Elisa Pilarski, la victime/Facebook
Elisa Pilarski, la victime/Facebook

Hier mardi, le responsable de la meute de la chasse à courre organisée le jour de la mort d’Elisa Pilarski, tuée par des morsures de chien, dans la forêt de Retz, dans l’Aine, a été placé sous le statut de témoin assisté à sa demande afin d’avoir accès au dossier. Plus de deux mois après les faits, on ne sait toujours pas quels sont le ou les animaux à l’origine de la mort de la jeune femme enceinte.

Mardi 28 janvier, le responsable de la chasse à courre s’étant déroulé le 16 novembre dans une forêt de l’Aisne où une femme enceinte de 29 ans avait été mortellement blessée par des chiens, a été placé ce sous le statut de témoin assisté à sa demande, d’après son avocat.

On a été mis en cause médiatiquement, sans qu’on ait jusqu’alors la possibilité de se défendre, donc on a demandé à la juge d’instruction de nous octroyer ce statut.” a affirmé Guillaume Demarcq, avocat de Sébastien van den Berghe,le maître d’équipage du Rallye la Passion, organisatrice de la chasse.

Ce statut intermédiaire entre la mise en examen et le statut de témoin simple, permettra un accès au dossier et Sébastien van den Berghe aura donc la possibilité de se défendre judiciairement.

Mon client conteste formellement que ses chiens aient quoi que ce soit à voir avec le décès d’Elisa Pilarski. Pour lui, c’est une journée de chasse comme une autre, il ne s’est absolument rien passé.” a ajouté Me Demarcq.

Dans une déclaration, Pierre de Roüalle, président de la société de vénerie qui regroupe les associations de chasse à courre françaises, a expliqué: “Au cours des 18 000 journées de chasse à courre organisées chaque année à travers 70 départements, jamais aucun accident corporel humain impliquant des chiens de vénerie n’a été relevé.
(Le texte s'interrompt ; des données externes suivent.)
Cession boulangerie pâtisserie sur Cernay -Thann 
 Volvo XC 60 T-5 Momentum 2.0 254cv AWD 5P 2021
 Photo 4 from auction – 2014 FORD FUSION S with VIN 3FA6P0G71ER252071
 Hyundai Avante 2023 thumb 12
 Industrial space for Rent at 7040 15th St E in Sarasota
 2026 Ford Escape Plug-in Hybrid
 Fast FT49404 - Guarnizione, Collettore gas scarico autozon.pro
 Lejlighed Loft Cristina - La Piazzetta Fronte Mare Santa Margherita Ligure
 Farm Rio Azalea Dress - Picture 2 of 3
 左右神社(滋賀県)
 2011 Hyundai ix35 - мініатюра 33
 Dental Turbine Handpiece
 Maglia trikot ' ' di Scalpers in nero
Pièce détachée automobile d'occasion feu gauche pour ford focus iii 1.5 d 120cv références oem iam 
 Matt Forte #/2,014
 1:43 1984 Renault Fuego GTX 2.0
Elisa Pilarski, partie en balade avec son chien Curtis, a été découverte morte, vidée de son sang, le 16 novembre en forêt de Retz où une chasse à courre avait lieu concomitamment.

Selon les résultats de l’autopsie de la victime, le décès est du à “une hémorragie consécutive à plusieurs morsures de chiens aux membres supérieurs et inférieurs ainsi qu’à la tête.”

Afin de déterminer le ou les animaux responsables, des prélèvements génétiques ont été opérés sur 67 chiens : les 5 American Staffordshire d’Elisa Pilarski et 62 chiens appartenant à l’association le Rallye la Passion. Les résultats ne devraient pas être connu avant le mois prochain.

D’après une source policière, le chien accompagnant la malheureuse, Curtis, qui serait un croisé entre un whippet et un patterdale-terrier, avait par le passé déjà blessé Elisa et a, depuis le tragique accident, mordu une soignante bénévole du service pour l’assistance et le contrôle du peuplement animal de Beauvais, où l’animal est placé sous réquisition.

Elle a été mordue juste après que le chien sorte d’un événement très traumatique, cette morsure n’a aucun intérêt sur le fond du dossier, la mort d’Elisa Pilarski.“, a tenté d’expliquer Eric Alligné, avocat du conjoint d’Elisa Pilarski.

Selon lui, le placement sous le statut de témoin assisté du chef de meute “prouve qu’il y a un début d’implication ou de connexion qui se rapporte au Rallye la Passion dans ce dossier”.

L’enquête pour tenter de déterminer comment est morte cette femme de 29 ans se poursuit et une information judiciaire contre X est toujours en cours pour “homicide involontaire par maladresse, imprudence, inattention, négligence ou manquement à une obligation de prudence résultant de l’agression commise par des chiens“.